How Is the Procedure Performed?
For most ultrasound exams of the musculoskeletal system, the patient is seated on an examination table or a swivel chair. For some ultrasound exams, the patient is positioned lying face-up on an examination table that can be tilted or moved.
A clear gel is applied to the area of the body being studied to help the transducer make secure contact with the body and eliminate air pockets between the transducer and the skin. The sonographer (ultrasound technologist) or radiologist then presses the transducer firmly against the skin and sweeps it back and forth over the area of interest.
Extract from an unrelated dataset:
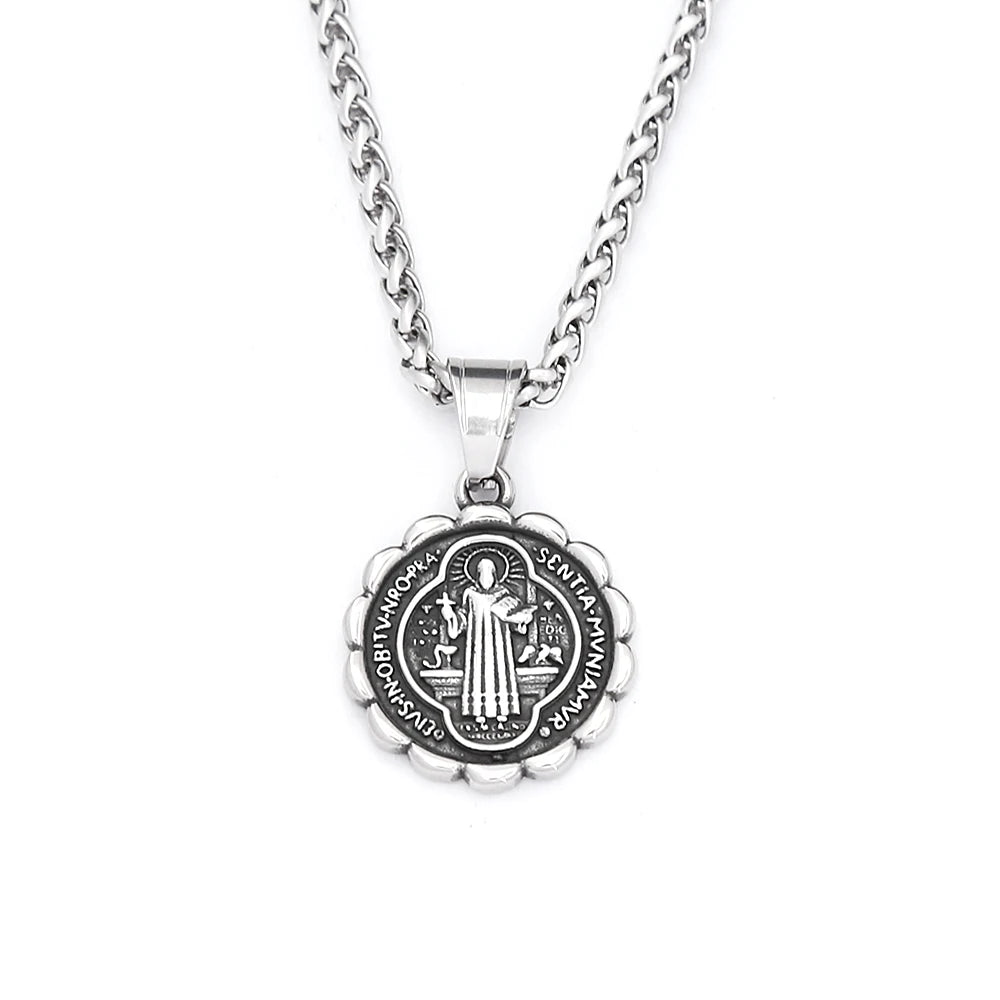 PENDRA Benedictus Vintage Catholic Saint Benedict Pendant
When the examination is complete, the patient may be asked to dress and wait while the ultrasound images are reviewed. However, the sonographer or radiologist is often able to review the ultrasound images in real-time as they are acquired and the patient can be released immediately.
This ultrasound examination is usually completed within 15-30 minutes but may occasionally take longer.
What Will I Experience During and After the Procedure?
Most ultrasound examinations are painless, fast and easy.
After you are positioned on the examination table, the sonographer or doctor will apply some warm gel on your skin and then place the transducer firmly against your body, moving it back and forth over the area of interest until the desired images are captured. There is usually no discomfort from pressure as the transducer is pressed against the area being examined.
If scanning is performed over an area of tenderness, you may feel pressure or minor pain from the transducer.
The doctor or sonographer may ask you to move the extremity being examined or may move it for you to evaluate not only anatomy but also function of a joint, muscle, ligament or tendon.
Once the imaging is complete, the gel will be wiped off your skin.
After an ultrasound exam, you should be able to resume your normal activities.
Who Interprets the Results and How Do I Get Them?
Your physician, trained in musculoskeletal sonography, will analyze the images and discuss results with you at the conclusion of your examination.
What Are the Benefits vs. Risks?
- Most ultrasound scanning is noninvasive (no needles or injections) and is usually painless.
- Ultrasound is widely available, easy-to-use and less expensive than other imaging methods.
- Ultrasound imaging uses no ionizing radiation.
- Ultrasound scanning gives a clear picture of soft tissues that do not show up well on x-ray images.
- Ultrasound causes no health problems and may be repeated as often as is necessary.
- Ultrasound provides real-time imaging, making it a good tool for guiding minimally invasive procedures such as cortisone injections, and aspiration of fluid in joints or elsewhere.
- Unlike the strong magnetic field of MRI ultrasound is not affected by cardiac pacemakers, implants or fragments within the body. Ultrasound is also an excellent alternative to MRI for claustrophobic patients.
- Ultrasound may actually have advantages over MRI in seeing tendon structure, which is better appreciated by ultrasound than MRI.
- <l”>For standard diagnostic ultrasound there are no known harmful effects on humans.